Stored data entries
= = =

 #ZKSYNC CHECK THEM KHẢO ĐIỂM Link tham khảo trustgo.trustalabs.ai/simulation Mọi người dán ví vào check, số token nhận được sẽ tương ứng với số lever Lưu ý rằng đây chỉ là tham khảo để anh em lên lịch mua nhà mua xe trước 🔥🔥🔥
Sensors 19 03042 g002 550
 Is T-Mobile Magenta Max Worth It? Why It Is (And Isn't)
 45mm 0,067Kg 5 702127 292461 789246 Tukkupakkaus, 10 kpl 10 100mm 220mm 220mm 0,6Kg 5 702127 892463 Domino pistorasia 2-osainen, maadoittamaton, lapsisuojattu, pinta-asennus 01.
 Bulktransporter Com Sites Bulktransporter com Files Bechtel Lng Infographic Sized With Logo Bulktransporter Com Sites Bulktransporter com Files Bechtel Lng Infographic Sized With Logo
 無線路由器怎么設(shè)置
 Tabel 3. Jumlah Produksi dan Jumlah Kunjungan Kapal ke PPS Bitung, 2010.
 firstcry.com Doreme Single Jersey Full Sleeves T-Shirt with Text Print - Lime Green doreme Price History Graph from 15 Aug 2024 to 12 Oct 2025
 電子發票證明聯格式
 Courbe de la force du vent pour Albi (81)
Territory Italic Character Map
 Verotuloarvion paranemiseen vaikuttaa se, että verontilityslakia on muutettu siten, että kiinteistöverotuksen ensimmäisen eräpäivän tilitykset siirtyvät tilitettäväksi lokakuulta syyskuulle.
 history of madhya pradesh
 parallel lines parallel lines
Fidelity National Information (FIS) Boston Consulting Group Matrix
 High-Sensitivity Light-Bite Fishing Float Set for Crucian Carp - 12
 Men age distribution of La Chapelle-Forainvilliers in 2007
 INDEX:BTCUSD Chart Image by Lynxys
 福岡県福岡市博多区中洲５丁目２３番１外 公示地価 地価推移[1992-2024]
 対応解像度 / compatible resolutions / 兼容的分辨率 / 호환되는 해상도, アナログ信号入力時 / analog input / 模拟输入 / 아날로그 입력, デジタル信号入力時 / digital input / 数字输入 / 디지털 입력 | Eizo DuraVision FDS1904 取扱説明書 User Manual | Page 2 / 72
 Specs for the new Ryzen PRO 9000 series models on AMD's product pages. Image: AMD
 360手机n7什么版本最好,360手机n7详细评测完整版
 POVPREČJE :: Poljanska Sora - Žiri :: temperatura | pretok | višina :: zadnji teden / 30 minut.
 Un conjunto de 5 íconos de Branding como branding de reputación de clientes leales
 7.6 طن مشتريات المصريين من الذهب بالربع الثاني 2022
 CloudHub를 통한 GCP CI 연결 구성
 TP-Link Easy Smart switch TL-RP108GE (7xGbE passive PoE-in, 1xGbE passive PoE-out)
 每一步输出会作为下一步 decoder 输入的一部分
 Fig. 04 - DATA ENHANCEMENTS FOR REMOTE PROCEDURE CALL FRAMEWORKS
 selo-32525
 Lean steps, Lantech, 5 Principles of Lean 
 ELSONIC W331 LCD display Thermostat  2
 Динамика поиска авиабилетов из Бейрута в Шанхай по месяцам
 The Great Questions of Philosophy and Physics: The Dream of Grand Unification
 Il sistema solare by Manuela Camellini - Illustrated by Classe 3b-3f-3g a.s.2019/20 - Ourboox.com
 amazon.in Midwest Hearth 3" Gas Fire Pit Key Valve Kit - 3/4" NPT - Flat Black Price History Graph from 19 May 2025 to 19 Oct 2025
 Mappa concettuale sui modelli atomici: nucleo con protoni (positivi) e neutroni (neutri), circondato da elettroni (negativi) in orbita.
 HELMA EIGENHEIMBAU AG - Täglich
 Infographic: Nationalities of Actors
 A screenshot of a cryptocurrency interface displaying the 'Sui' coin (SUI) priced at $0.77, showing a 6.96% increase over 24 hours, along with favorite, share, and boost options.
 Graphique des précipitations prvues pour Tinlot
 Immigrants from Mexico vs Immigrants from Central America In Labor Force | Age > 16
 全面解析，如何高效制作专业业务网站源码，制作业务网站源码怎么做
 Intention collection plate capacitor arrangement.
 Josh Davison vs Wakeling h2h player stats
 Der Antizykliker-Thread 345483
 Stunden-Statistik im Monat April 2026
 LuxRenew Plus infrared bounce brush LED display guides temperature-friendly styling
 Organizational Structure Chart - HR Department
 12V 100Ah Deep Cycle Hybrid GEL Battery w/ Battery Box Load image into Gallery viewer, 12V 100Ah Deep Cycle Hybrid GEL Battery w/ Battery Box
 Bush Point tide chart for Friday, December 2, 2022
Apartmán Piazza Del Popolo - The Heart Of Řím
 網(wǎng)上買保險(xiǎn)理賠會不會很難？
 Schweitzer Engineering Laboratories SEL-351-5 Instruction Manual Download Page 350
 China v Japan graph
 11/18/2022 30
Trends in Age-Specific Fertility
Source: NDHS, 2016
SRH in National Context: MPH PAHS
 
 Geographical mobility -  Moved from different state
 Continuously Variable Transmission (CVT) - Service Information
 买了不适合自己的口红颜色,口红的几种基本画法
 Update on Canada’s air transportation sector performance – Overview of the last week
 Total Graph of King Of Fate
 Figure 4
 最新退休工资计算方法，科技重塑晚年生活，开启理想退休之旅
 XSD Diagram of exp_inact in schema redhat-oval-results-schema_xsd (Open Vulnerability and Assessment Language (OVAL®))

= = =

What you will do: Extract from the data every line where "Link" shows up.

Response to this task:
 #ZKSYNC CHECK THEM KHẢO ĐIỂM Link tham khảo trustgo.trustalabs.ai/simulation Mọi người dán ví vào check, số token nhận được sẽ tương ứng với số lever Lưu ý rằng đây chỉ là tham khảo để anh em lên lịch mua nhà mua xe trước 🔥🔥🔥
 TP-Link Easy Smart switch TL-RP108GE (7xGbE passive PoE-in, 1xGbE passive PoE-out)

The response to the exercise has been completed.